Extracted entries ->

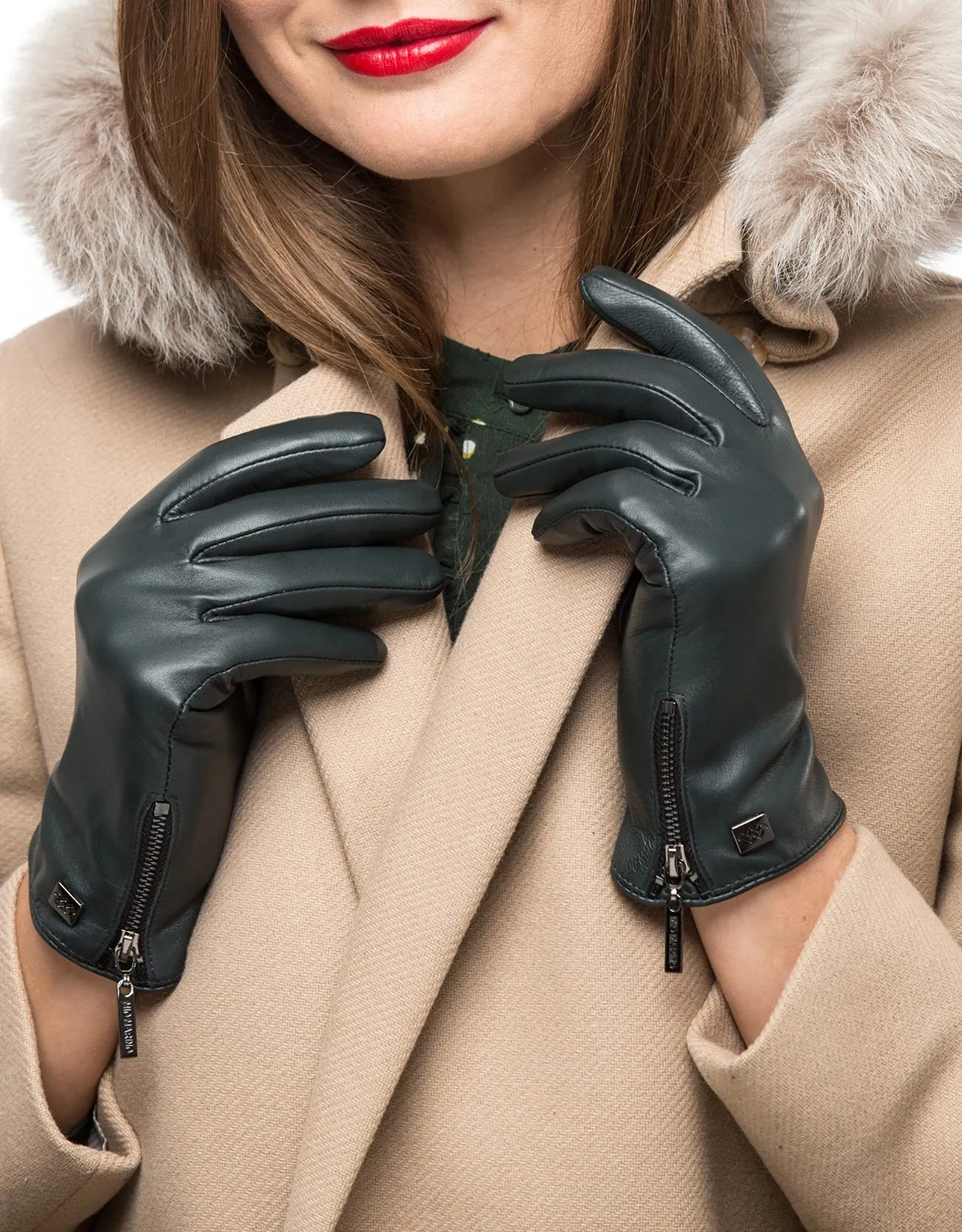Women's Wristed Zipper Touchscreen Leather Gloves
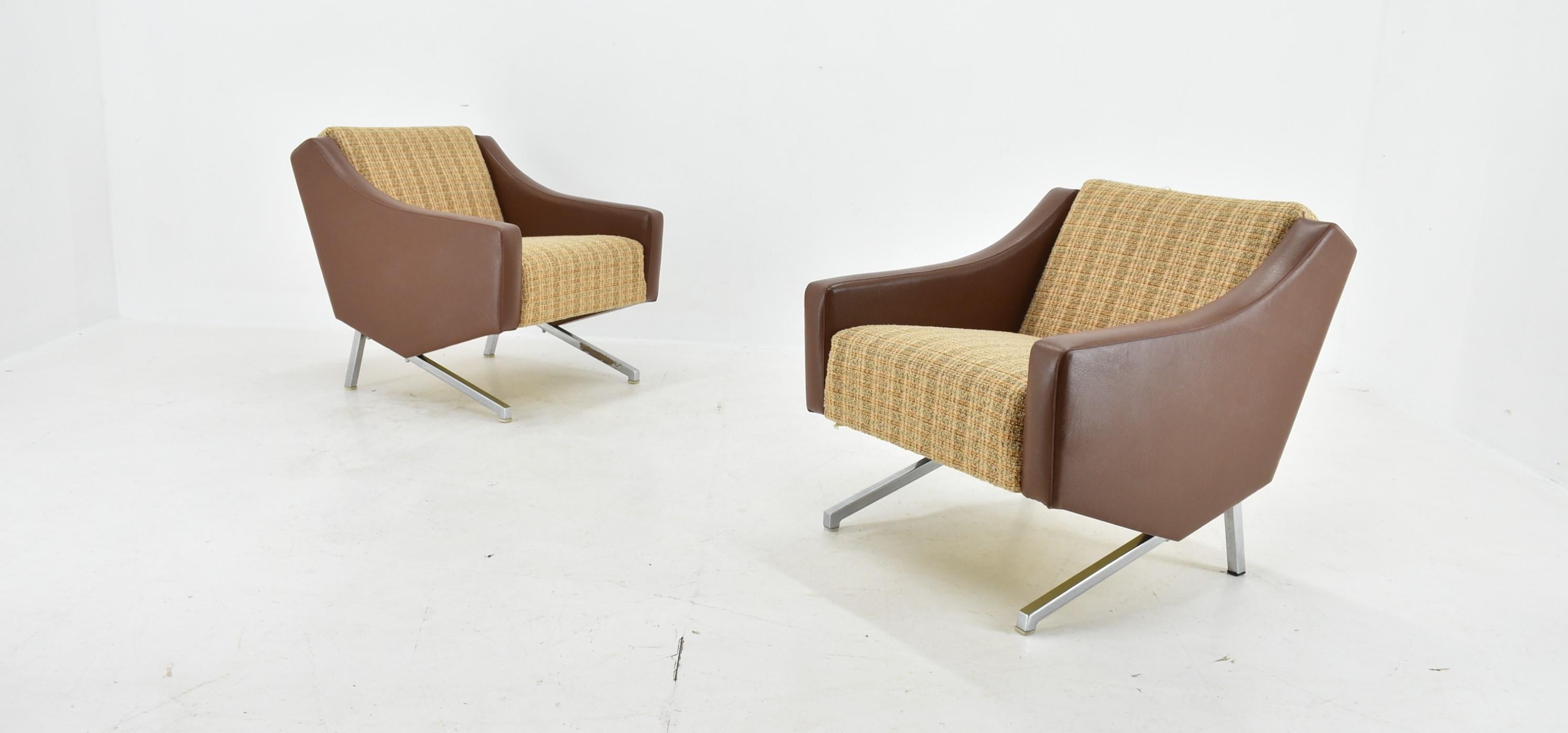 1960s Pair of Italian Armchairs For Sale 3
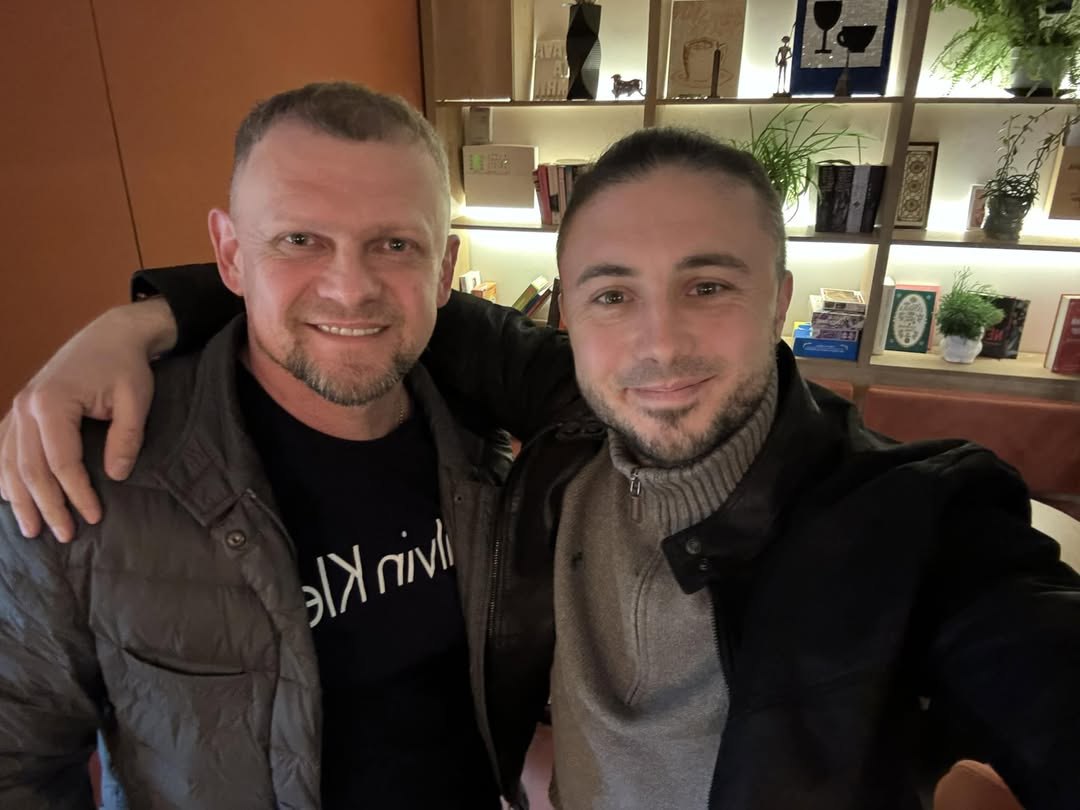Актор-військовий Гарік Бірча вперше за довгий час показався в Києві: як він виглядає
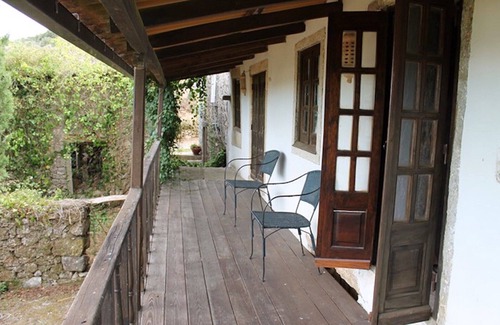 Ansiao Cabaña | XVIIIc. Casa rural en pueblo en la colina / Casa da Aldeia del siglo XVIII, serra.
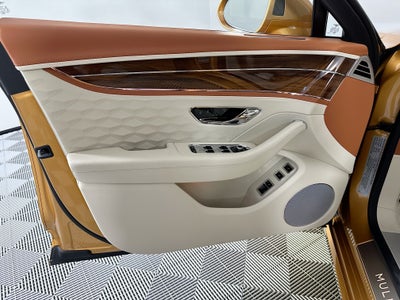 2026 Bentley Flying Spur Mulliner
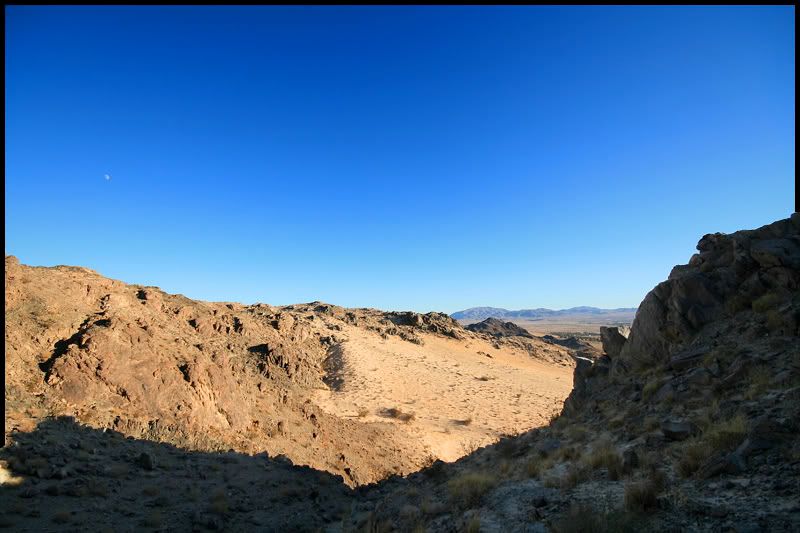 IMAGE: http://i84.photobucket.com/albums/k13/itsmeryanb/29%20Palms%20Mountains/TEST.jpg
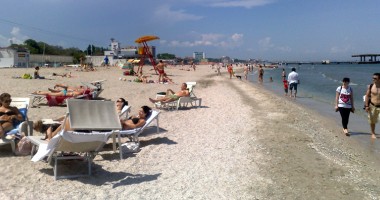 Stire din Social : Bătaie pe plajele din Mamaia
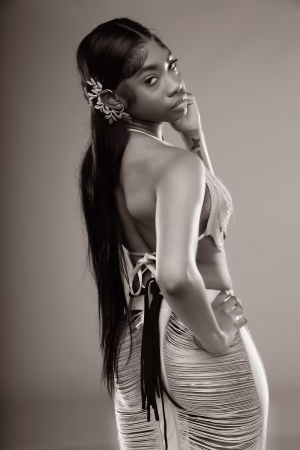Ruby Moët - Gallery Image 2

Action item ->
Print everything from the line with "1960s Pair of Italian Armchairs For Sale 3" down to the line with "Ansiao Cabaña |" in the entries above, both lines included and nothing more, without the pictures.

Answer box ->
 1960s Pair of Italian Armchairs For Sale 3
Актор-військовий Гарік Бірча вперше за довгий час показався в Києві: як він виглядає
 Ansiao Cabaña | XVIIIc. Casa rural en pueblo en la colina / Casa da Aldeia del siglo XVIII, serra.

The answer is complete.